11. The invention as claimed in claim 10, in which the top edge of said
film means is adjacent the top edge of said substrate.
12. The invention as claimed in claim 11, in which said film means is
generally square.
13. The invention as claimed in claim 11, in which said film means is
substantially solid.
14. A method of breaking a circuit, said method comprising the steps of:
(a) selecting a thin, flat substrate that has such a thermal coefficient of
expansion that it will fracture when sufficient thermal stress is created
therein,
(b) providing termination means on only one edge portion of said substrate,
(c) providing resistive film on said substrate in such pattern, location,
and construction that when current passes through said film, there will
result in said substrate a generally U-shaped, relatively cold zone
largely encompassing a relatively hot zone, the latter resulting from
passage of said current through primarily resistive portions of said film
that are largely encompassed by said cold zone, and further causing said
cold zone and hot zone to be such that in response to application of
sufficient overload voltage to said termination means, said zones will
cause a crack to form in said substrate between said one edge and a
substrate edge that is generally opposed to said one edge, said crack
extending through said film to break the circuit through said film, and
(d) connecting said termination means into an electric circuit in which
said sufficient overload voltage may occur.
Description
FIELD OF THE INVENTION
This invention relates generally to resistors of the type that fracture in
response to high electrical overload.
BACKGROUND OF THE INVENTION
It has long been known that it would be extremely desirable to achieve
fracturing resistors that are reliable, fast-acting, practical,
commercial, compact and strong, yet such that, in at least the vast
majority of cases when fracturing occurs, the resulting debris does not
drop onto or away from the circuit boards on which the resistors are
mounted.
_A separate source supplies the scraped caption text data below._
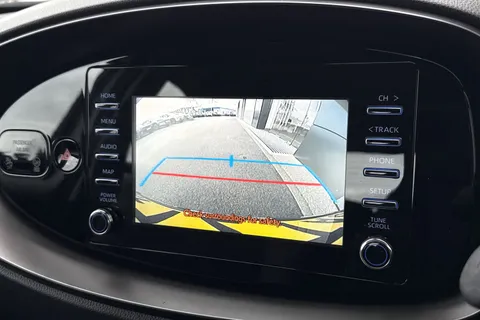 KF72TAU Toyota Aygo X 1.0 VVT-i Pure x-shift Euro 6 (s/s) 5dr Thumbnail #60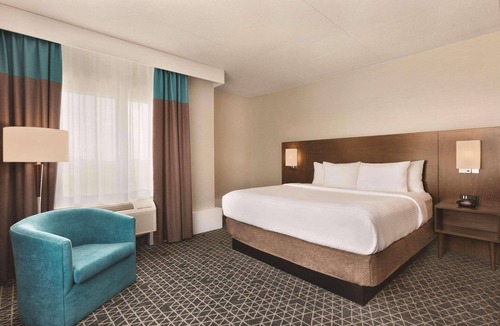 Brampton Hotel | Park Inn by Radisson Brampton, On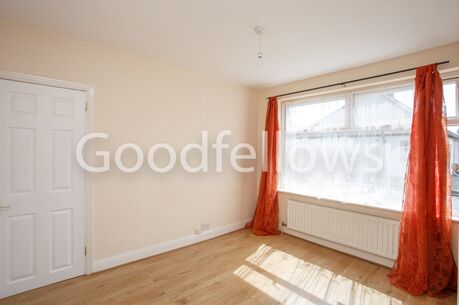 3 bedroom semi detached house to rent, Available unfurnished from 01/03/2025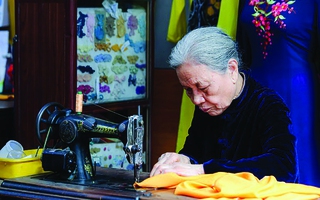 Cụ bà ngoài 80 tuổi giữ nét đẹp áo dài truyền thống giữa lòng phố cổ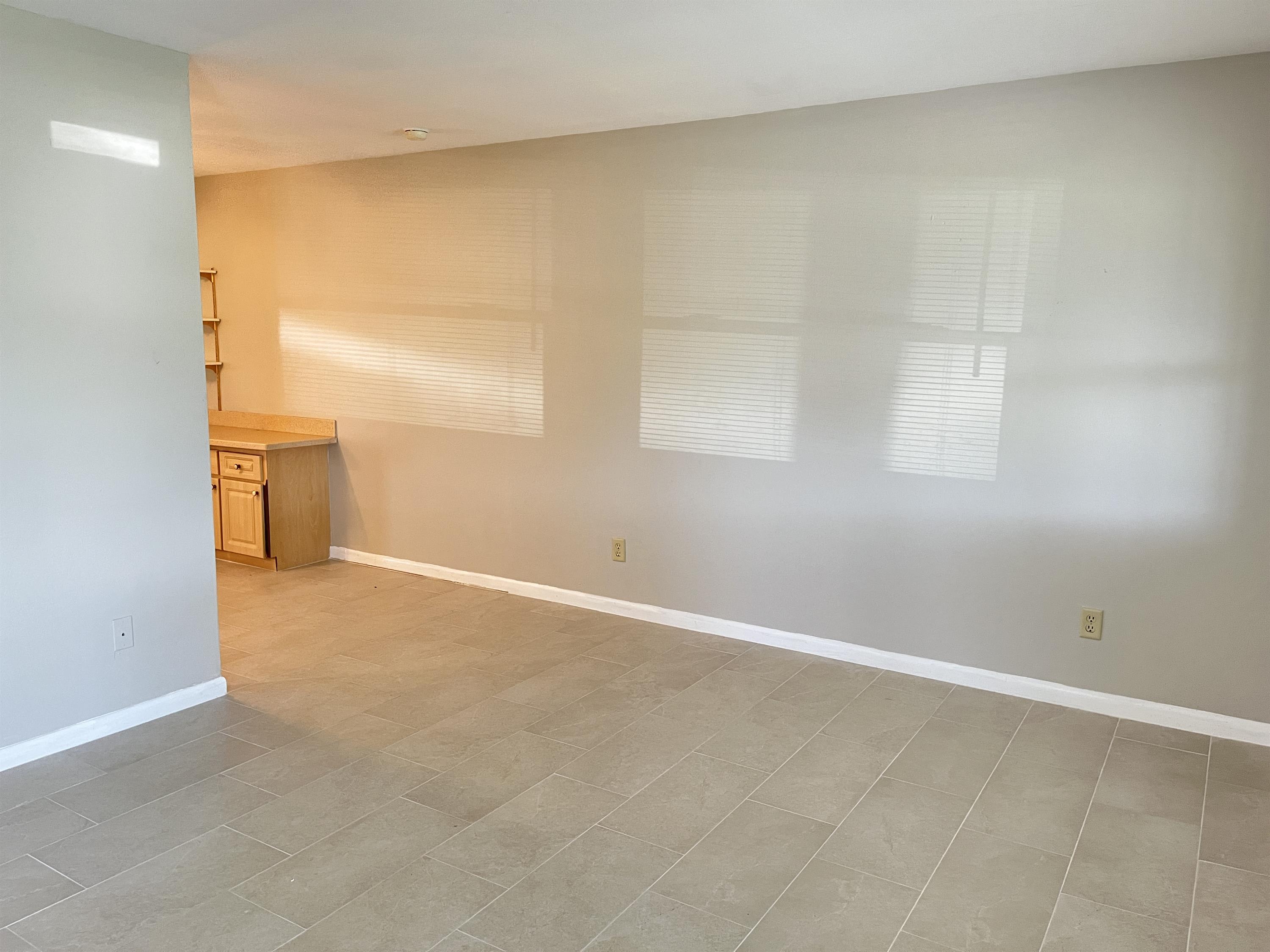 4620 SE 4th Pl – photo 2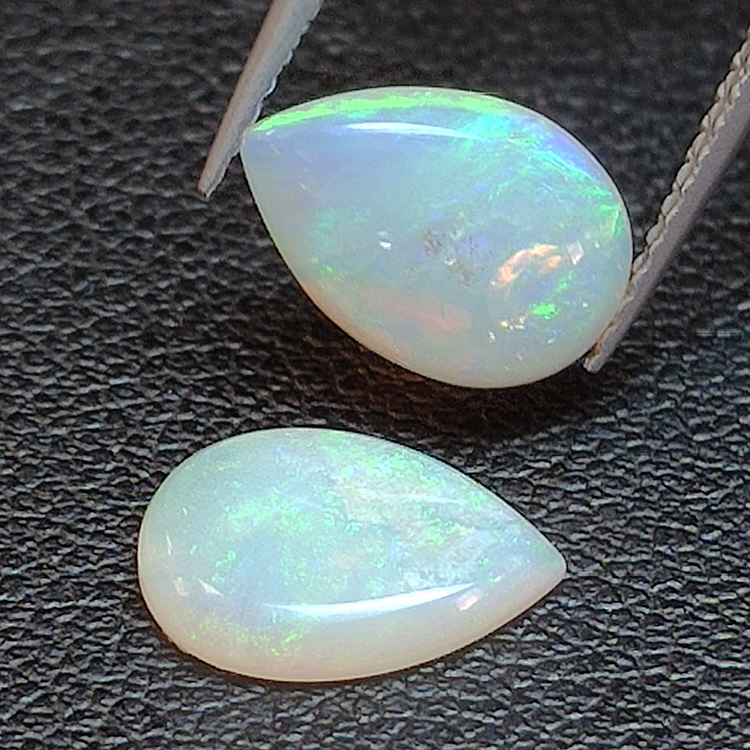 2.49ct Noble cabochon poire opale 2pc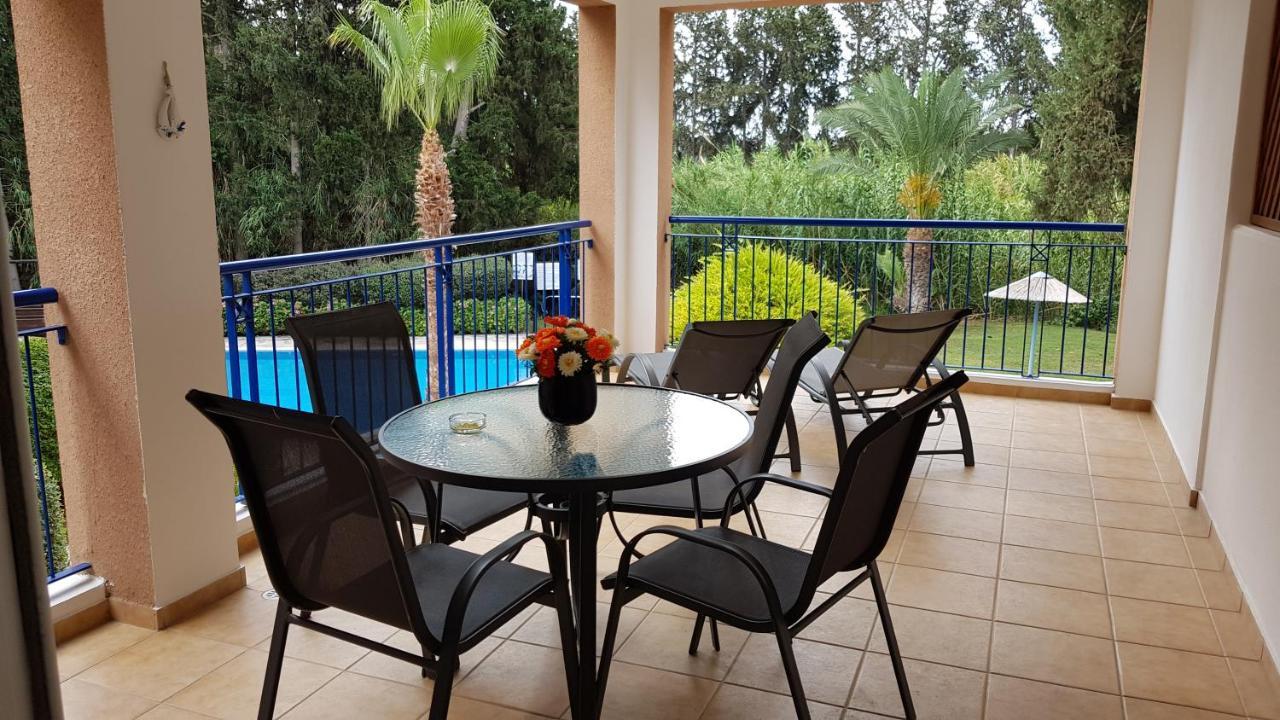 Paradise Gardens IV 2 Bd Amazing Apartment Paphos Exteriör bild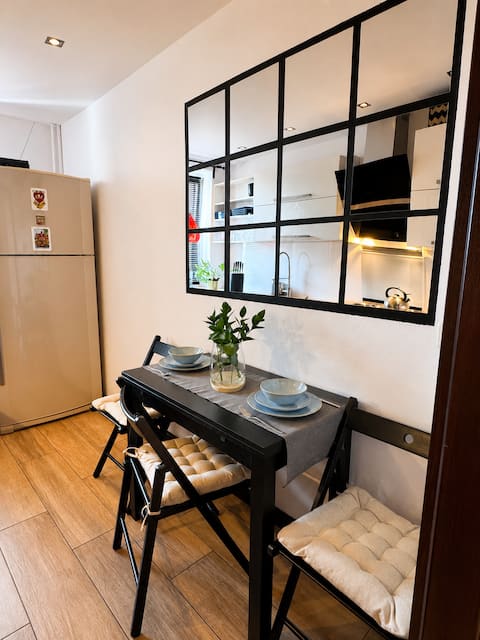 Top performing Airbnb: Apartment near the center(2 persons) +free parking in Huby
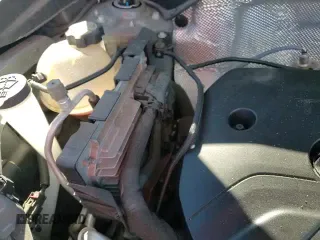 ✅ 2021 Buick Encore GX Essence • VIN: KL4MMFSL1MB043573 • Lot: 87060445. Wystawiony na Copart z przebiegiem 47 547 mil. Bezpłatny archiwum sprzedaży aukcyjnych z USA i szczegółowy raport historii pojazdu na DreamBid. Zdjęcie 16.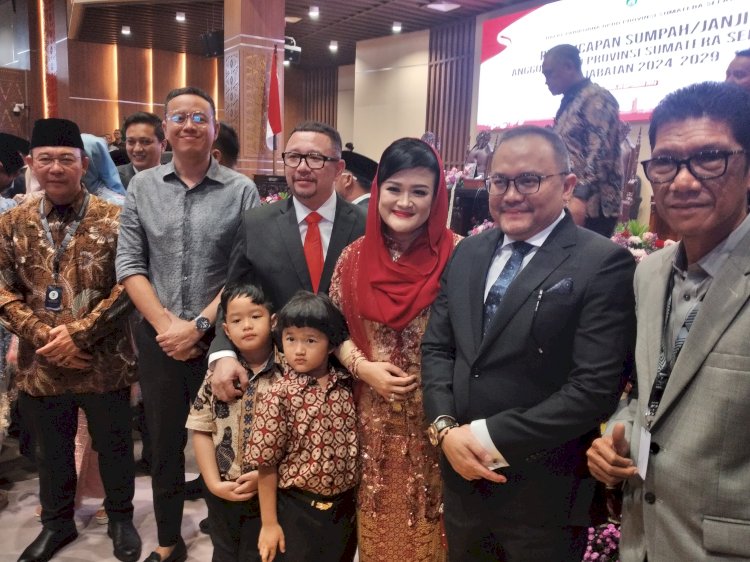 Lury Elza Alex Noerdin resmi dilantik, sebagai Anggota Dewan Perwakilan Rakyat Daerah (DPRD) Sumsel masa jabatan 2024-2029, yang pengucapan sumpah dan janji dilaksanakan di ruang rapat paripurna DPRD Sumsel, Selasa (24/9).(Dudy Oskandar/rmolsumsel.id)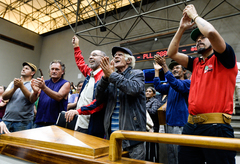 Nas galerias, os trabalhadores comemoraram a decisão dos vereadores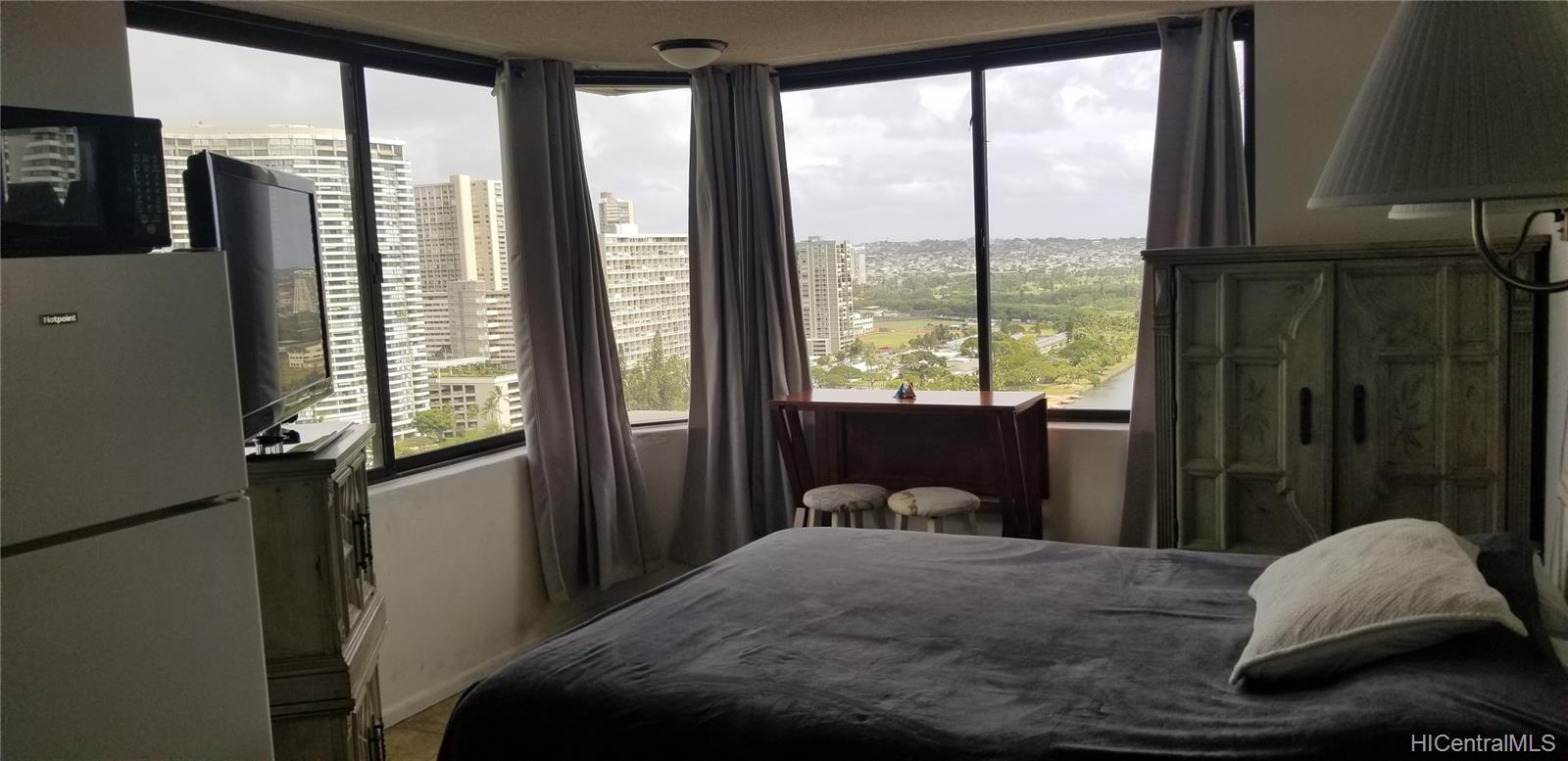 444 Niu Street #2411, Honolulu, HI 96815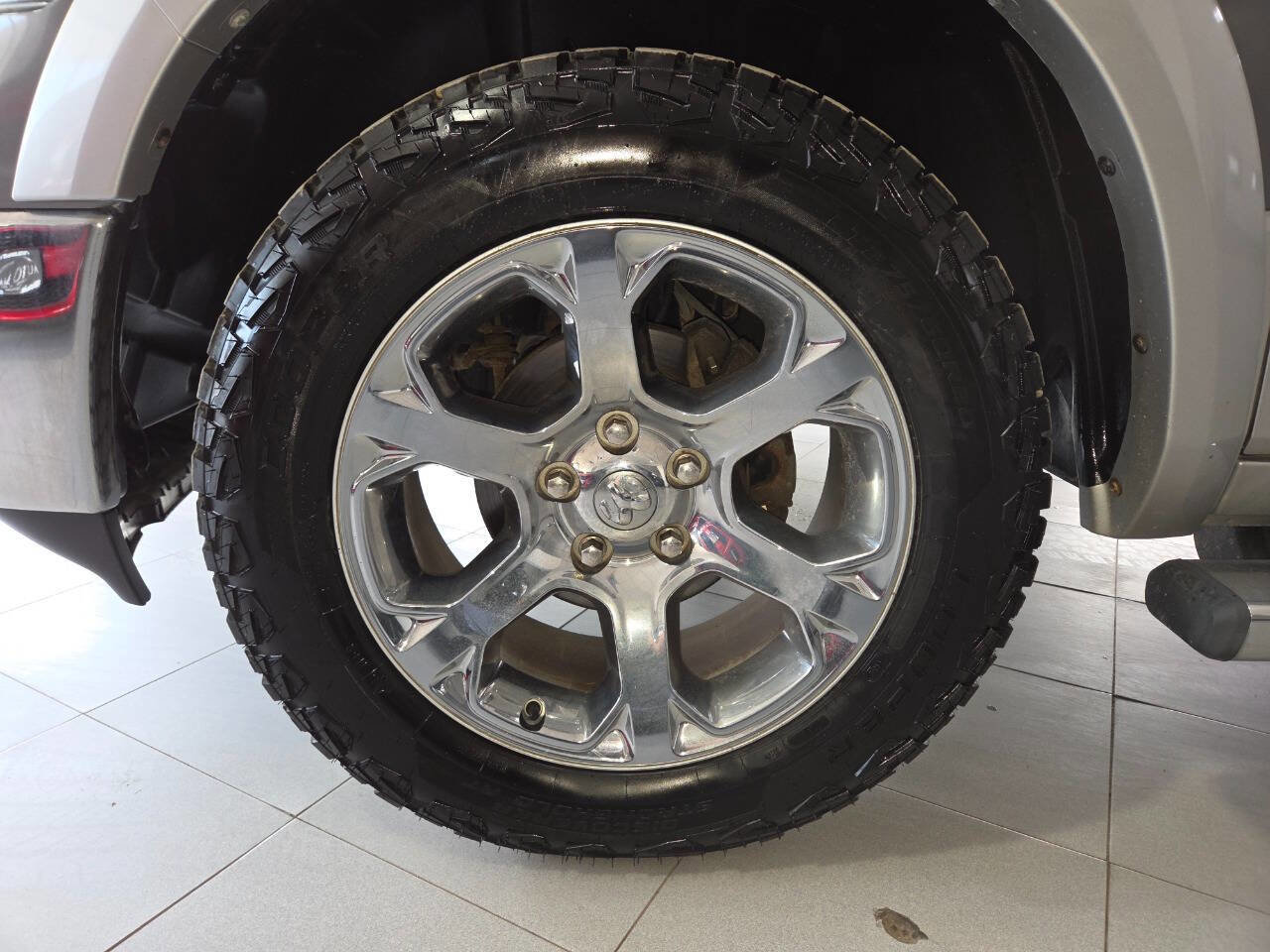Used 2013 RAM 1500 Laramie w/ Convenience Group AWD/4WD image 14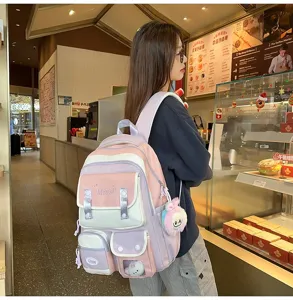Süßer pastellfarbener Studentenrucksack mit großem Fassungsvermögen und vielen Taschen.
Otherwise, the debris may fall randomly, for example, into the
electronic systems (electronics) of which the resistors are part.
Any prior-art fracturing resistors that attempted to achieve debris
reduction were unreliable, slow, or otherwise unsatisfactory in operation,
or were impractical, excessively large, inefficient, or deficient in other
ways.
It would also be extremely desirable to have a very reliable and effective
circuit-breaking resistor in a housing--where debris reduction is not a
factor.
SUMMARY OF THE INVENTION
It has been discovered that by certain applications of what the applicant
terms the principle of U-shaped containment, fracturing resistors (and
associated methods) are achieved and are such that the resulting debris
remains reliably in place instead of tending to drop onto the circuit
board or elsewhere. In resistors where there is a housing, the fracturing
is such that the circuit breaking is effective and reliable.
In accordance with one aspect of the present invention, U-shaped cold
(relatively cold during electrical overload) regions are provided on the
resistors, and terminals are provided at one edge of the resistors, in
such relationship that when a high overload occurs, a fracture line
(crack) extends generally away from and/or toward that edge having the
terminals, so that the terminals remain effective to hold the ceramic
substrate in position on the circuit board and no debris can drop onto the
board or elsewhere. (It is pointed out that the direction of
progagation--whether it starts at the top or bottom or is simultaneous
throughout--is irrelevant.)
In accordance with another aspect of the invention, single no-debris
resistors (two-terminal resistors) are provided that are practical and
effective and operate as circuit-breaking elements.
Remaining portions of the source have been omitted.